[Caption-style text data]
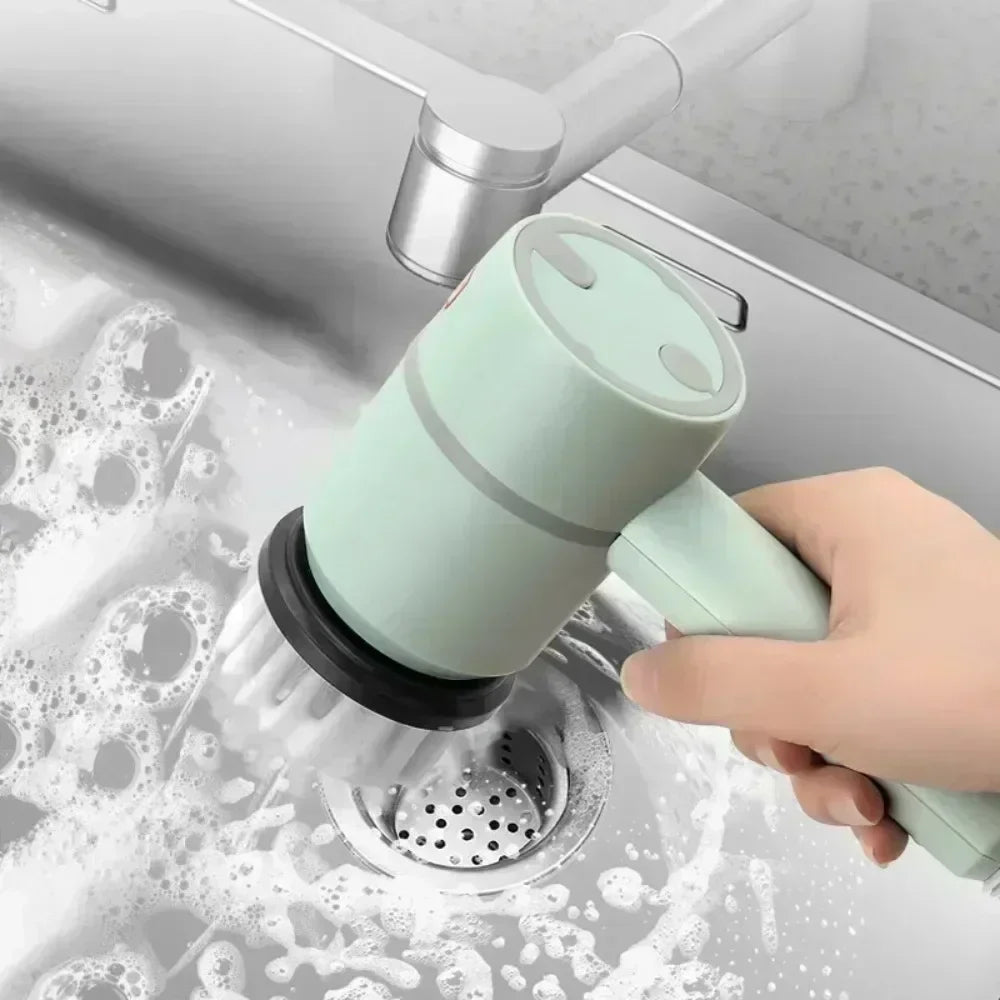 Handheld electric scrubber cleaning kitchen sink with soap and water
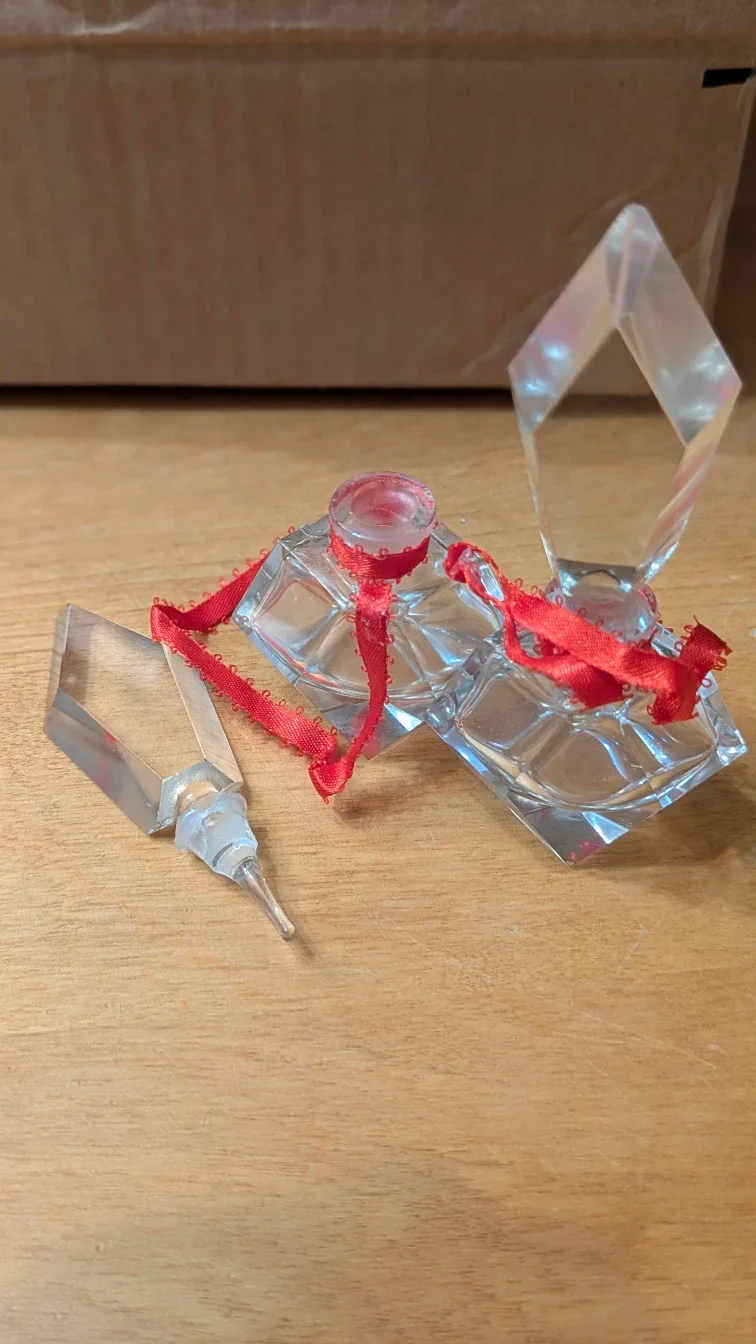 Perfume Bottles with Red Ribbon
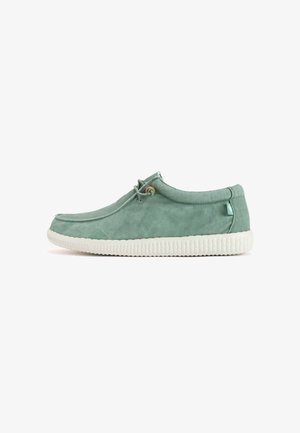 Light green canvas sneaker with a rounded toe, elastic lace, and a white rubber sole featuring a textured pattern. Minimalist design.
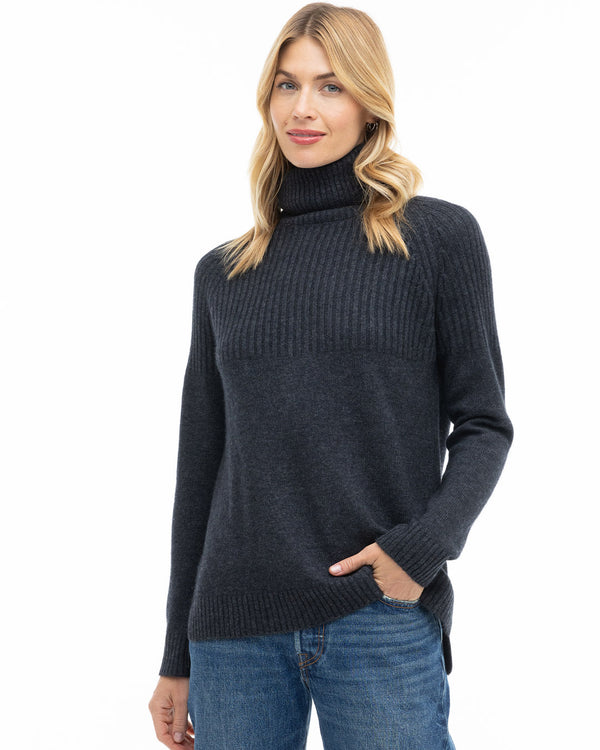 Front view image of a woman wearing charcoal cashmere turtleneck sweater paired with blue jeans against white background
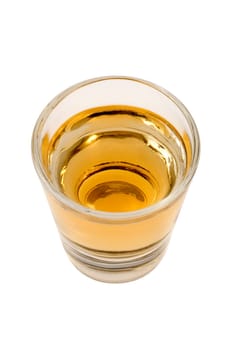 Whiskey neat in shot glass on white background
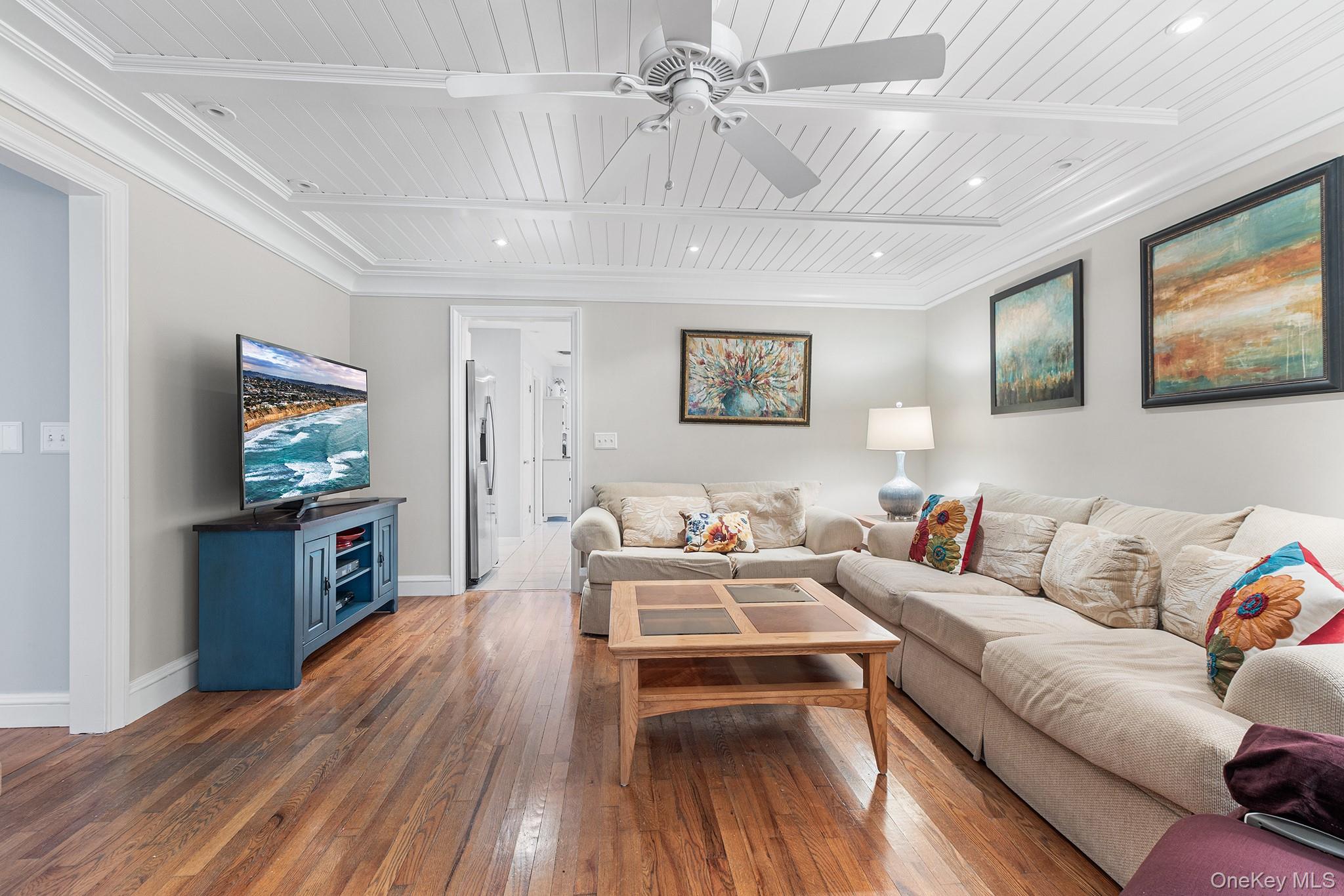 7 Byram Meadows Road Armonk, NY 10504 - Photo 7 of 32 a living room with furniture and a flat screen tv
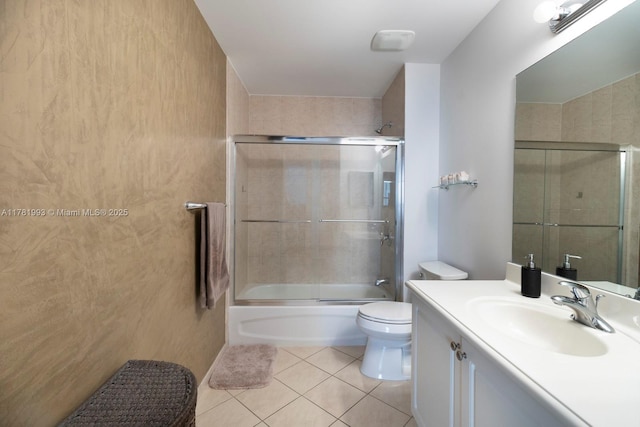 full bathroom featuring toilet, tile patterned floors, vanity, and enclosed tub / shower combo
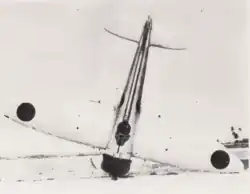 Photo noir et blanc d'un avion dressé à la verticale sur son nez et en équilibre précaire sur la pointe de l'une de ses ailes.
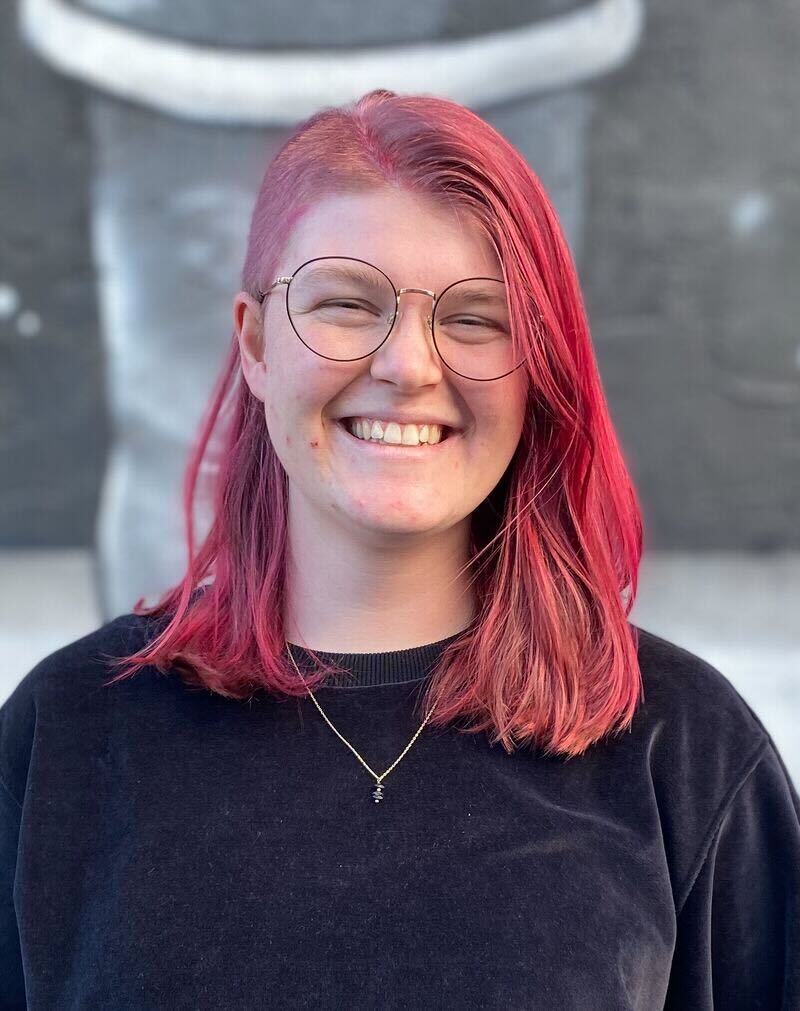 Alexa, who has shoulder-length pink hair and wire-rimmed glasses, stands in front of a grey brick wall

Exercise directions ▸ Can the entries above be repeated exactly, without their pictures?

Solved problem ▸
 Handheld electric scrubber cleaning kitchen sink with soap and water
 Perfume Bottles with Red Ribbon
 Light green canvas sneaker with a rounded toe, elastic lace, and a white rubber sole featuring a textured pattern. Minimalist design.
 Front view image of a woman wearing charcoal cashmere turtleneck sweater paired with blue jeans against white background
 Whiskey neat in shot glass on white background
 7 Byram Meadows Road Armonk, NY 10504 - Photo 7 of 32 a living room with furniture and a flat screen tv
 full bathroom featuring toilet, tile patterned floors, vanity, and enclosed tub / shower combo
 Photo noir et blanc d'un avion dressé à la verticale sur son nez et en équilibre précaire sur la pointe de l'une de ses ailes.
 Alexa, who has shoulder-length pink hair and wire-rimmed glasses, stands in front of a grey brick wall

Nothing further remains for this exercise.